━━ DATA FOR REVIEW

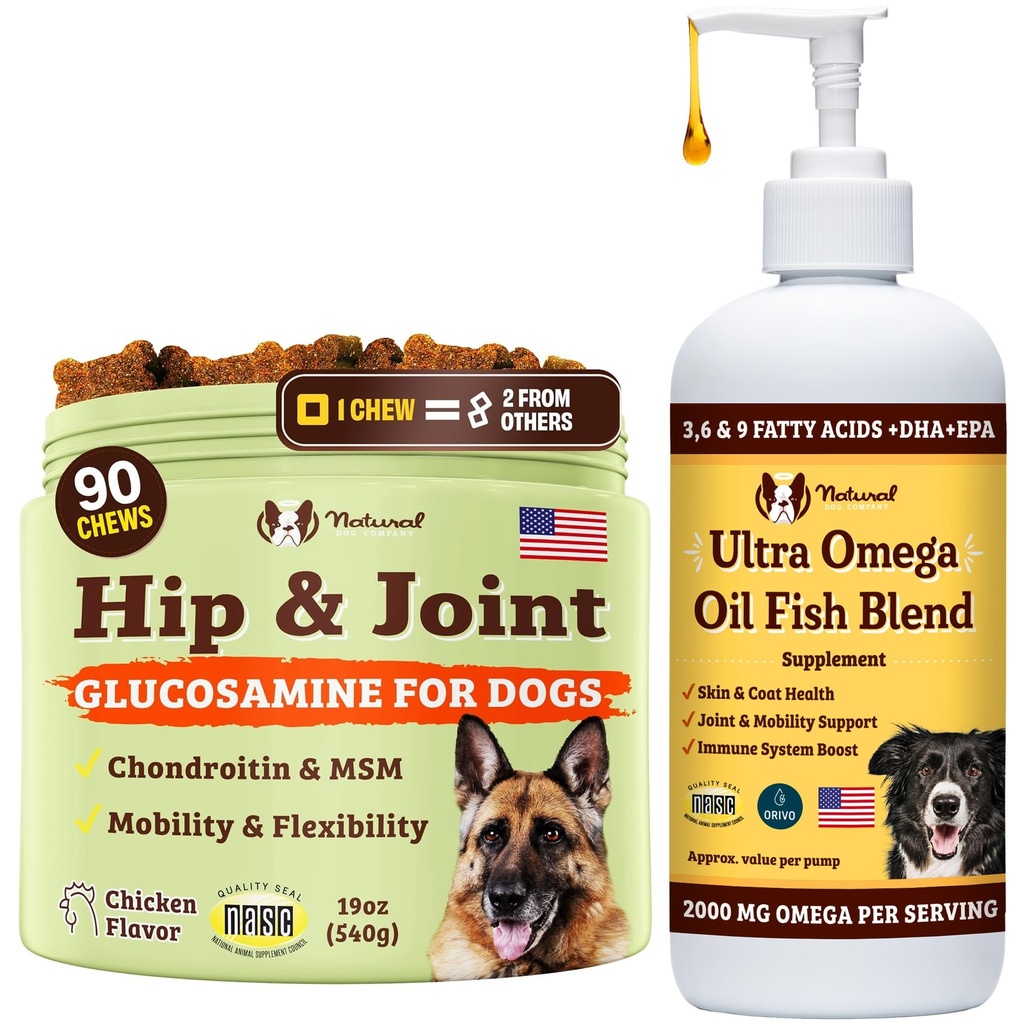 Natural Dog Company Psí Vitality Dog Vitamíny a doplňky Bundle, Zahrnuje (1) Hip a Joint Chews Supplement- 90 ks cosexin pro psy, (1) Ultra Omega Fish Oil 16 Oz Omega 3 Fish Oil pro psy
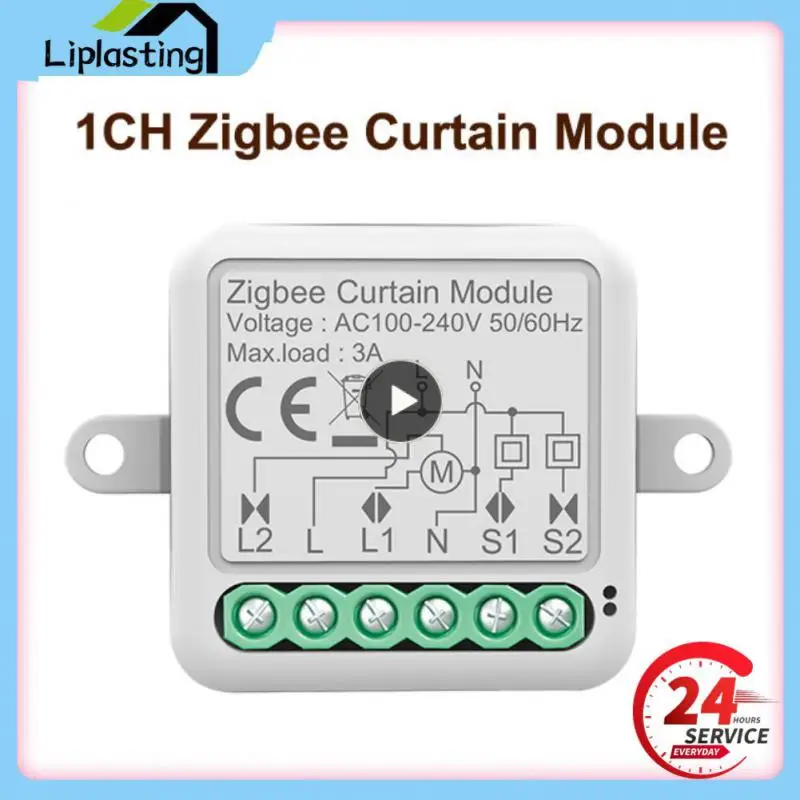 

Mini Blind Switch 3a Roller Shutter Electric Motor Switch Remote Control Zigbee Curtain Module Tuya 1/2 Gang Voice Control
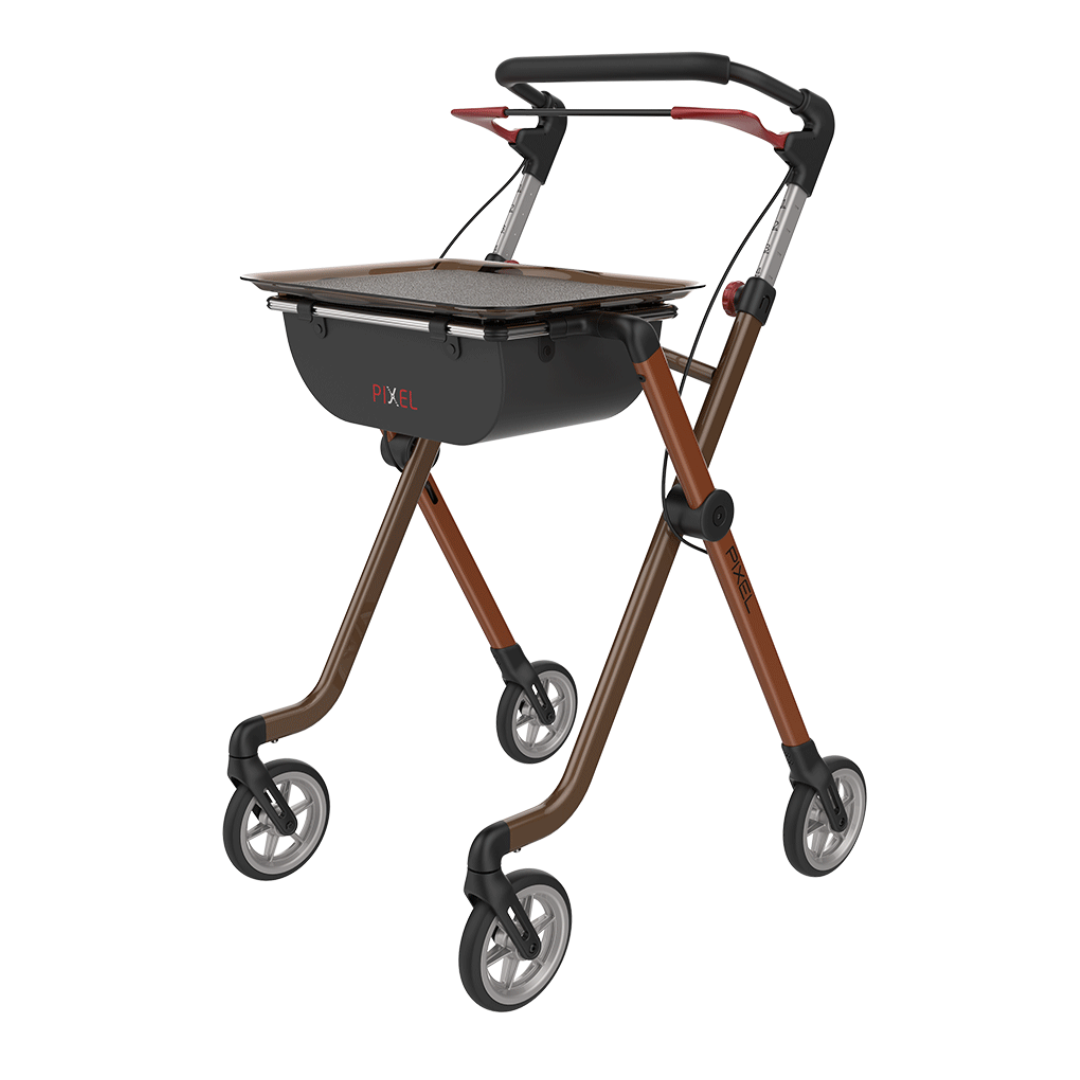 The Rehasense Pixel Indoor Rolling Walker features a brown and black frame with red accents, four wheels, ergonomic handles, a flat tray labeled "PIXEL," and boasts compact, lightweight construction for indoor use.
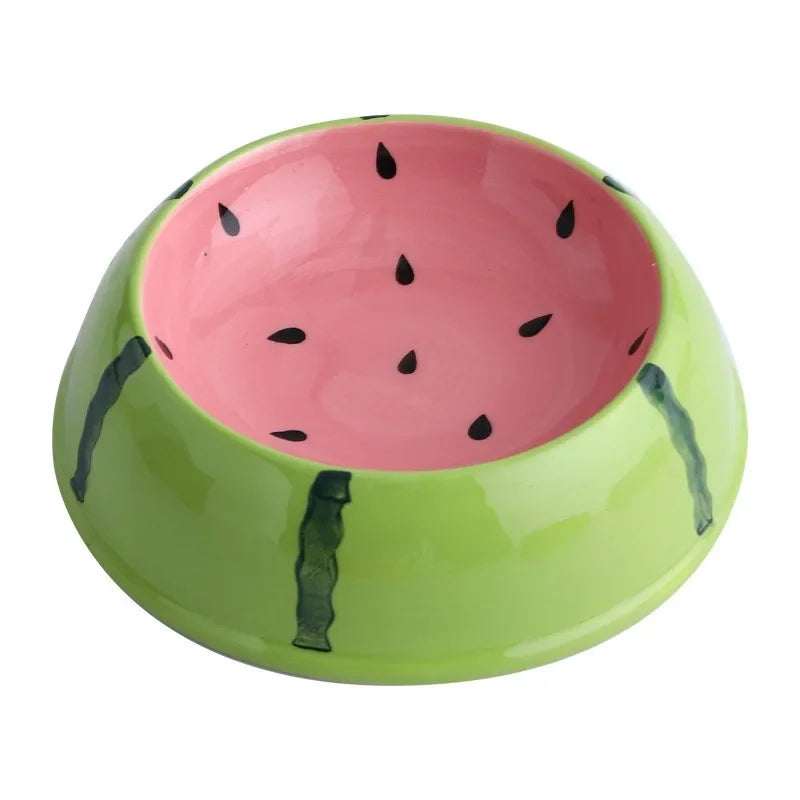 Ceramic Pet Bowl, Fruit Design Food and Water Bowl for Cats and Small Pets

━━━━
━━ DATA FOR REVIEW

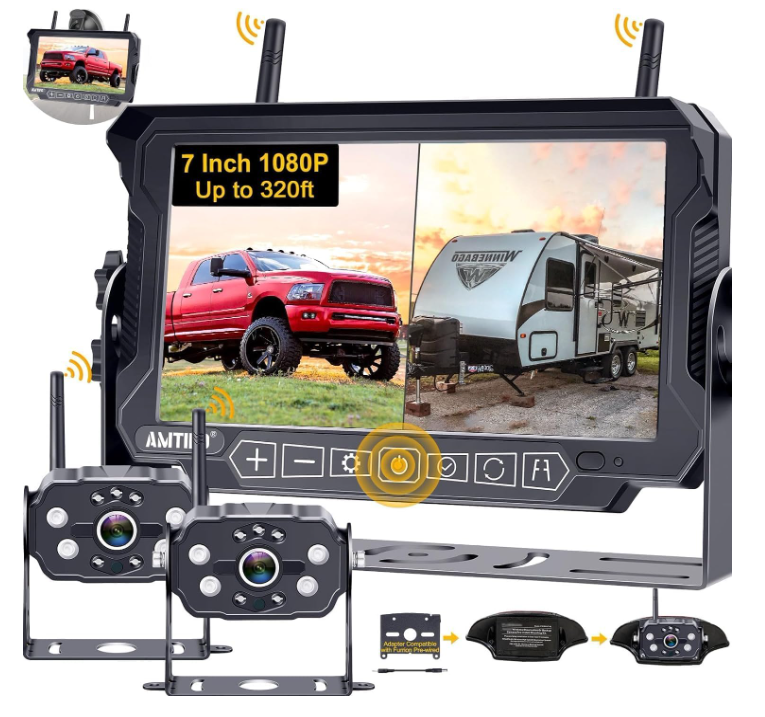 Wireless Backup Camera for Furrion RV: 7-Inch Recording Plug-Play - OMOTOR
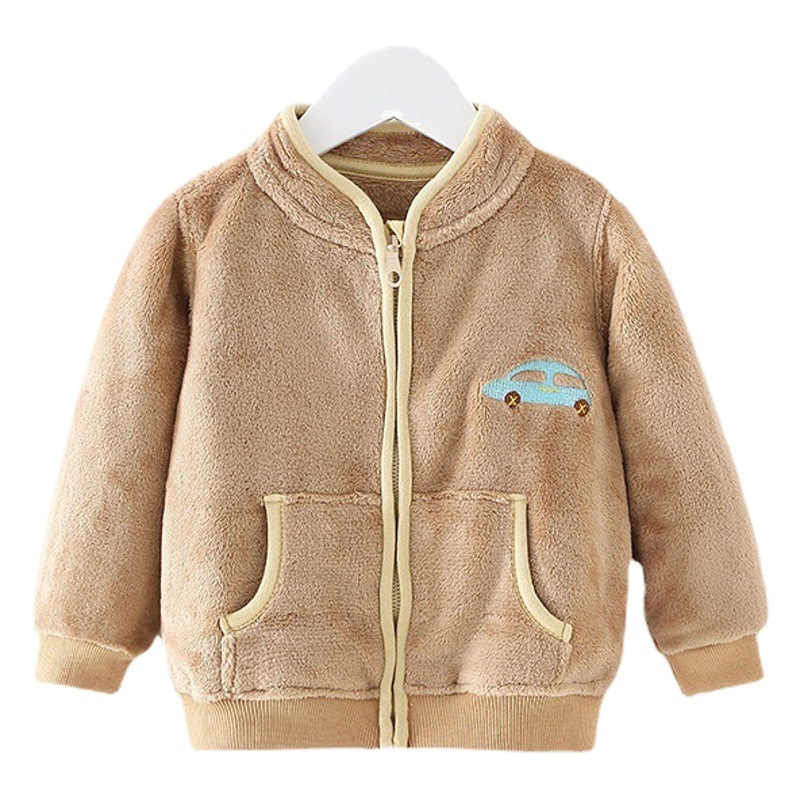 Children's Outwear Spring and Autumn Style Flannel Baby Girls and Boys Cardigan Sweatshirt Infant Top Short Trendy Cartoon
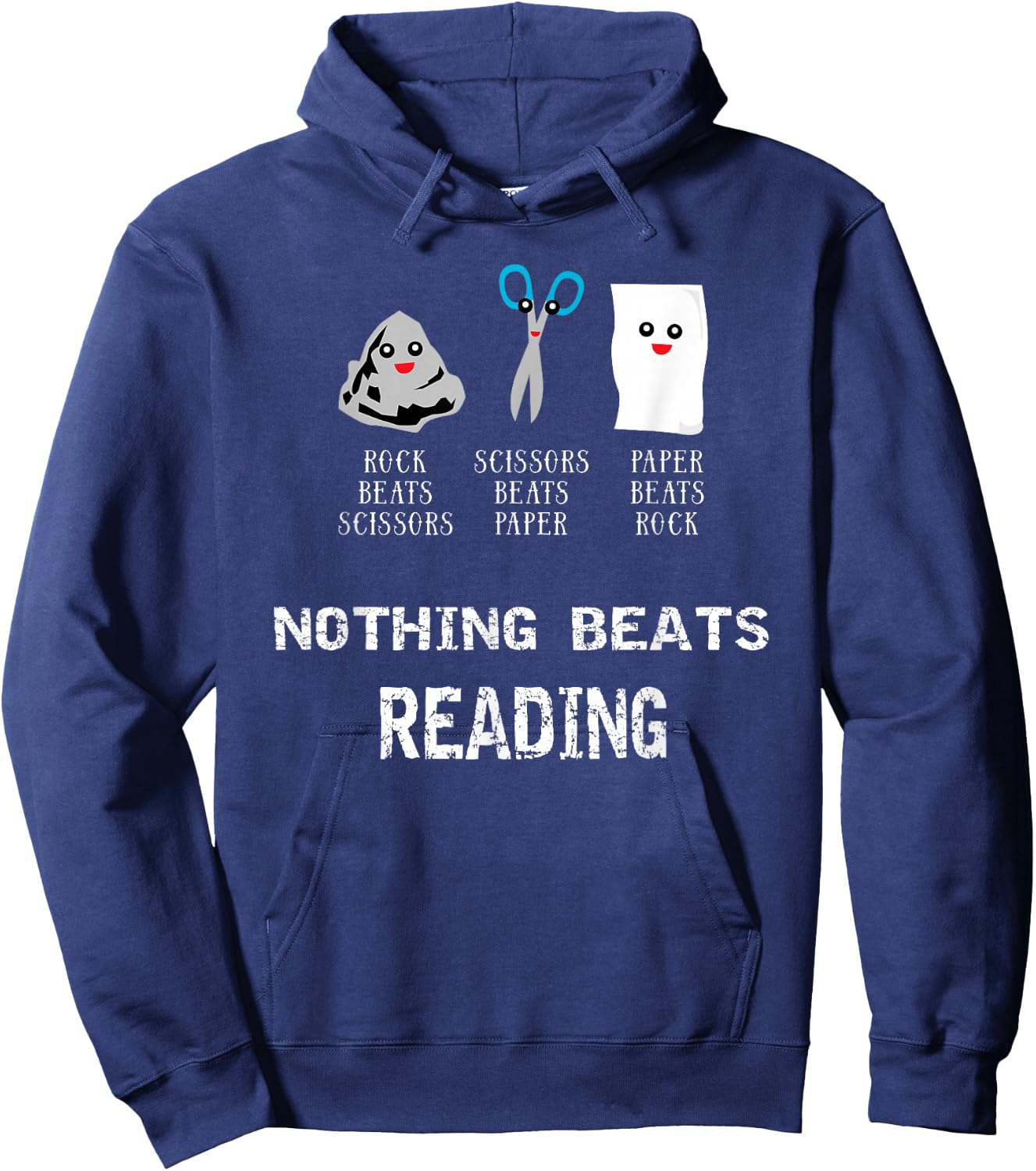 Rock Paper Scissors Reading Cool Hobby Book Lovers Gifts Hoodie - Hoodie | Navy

━━━━
━━ DATA FOR REVIEW

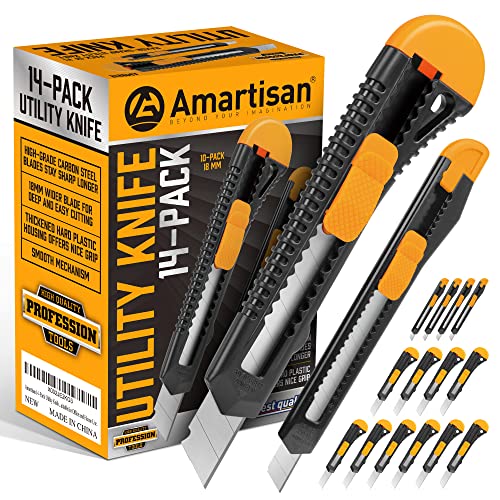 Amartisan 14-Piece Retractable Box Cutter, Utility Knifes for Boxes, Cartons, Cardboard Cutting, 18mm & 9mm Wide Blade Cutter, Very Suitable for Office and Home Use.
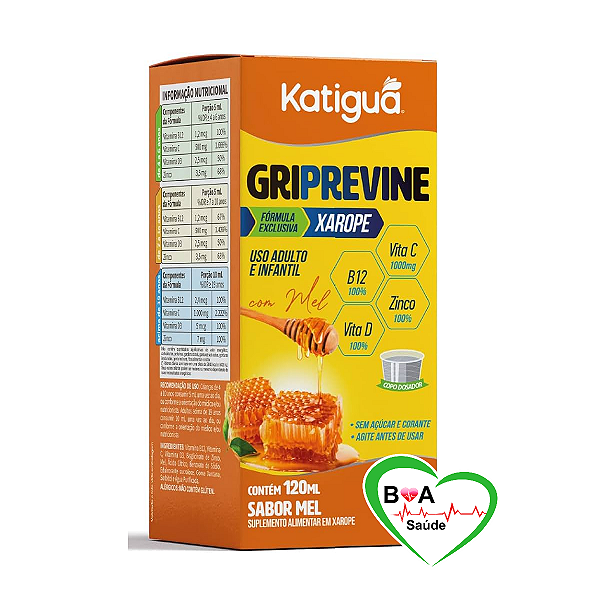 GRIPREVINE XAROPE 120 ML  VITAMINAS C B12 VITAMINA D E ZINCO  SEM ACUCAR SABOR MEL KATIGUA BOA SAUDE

━━━━

• **TASK OBJECTIVE**:
Using the entries above, reproduce word for word only the lines from the one that contains "The Rehasense Pixel" to the one that contains "Ceramic Pet Bowl, Fruit", both ends included, and drop every picture.

• **TASK OUTPUT**:
 The Rehasense Pixel Indoor Rolling Walker features a brown and black frame with red accents, four wheels, ergonomic handles, a flat tray labeled "PIXEL," and boasts compact, lightweight construction for indoor use.
 Ceramic Pet Bowl, Fruit Design Food and Water Bowl for Cats and Small Pets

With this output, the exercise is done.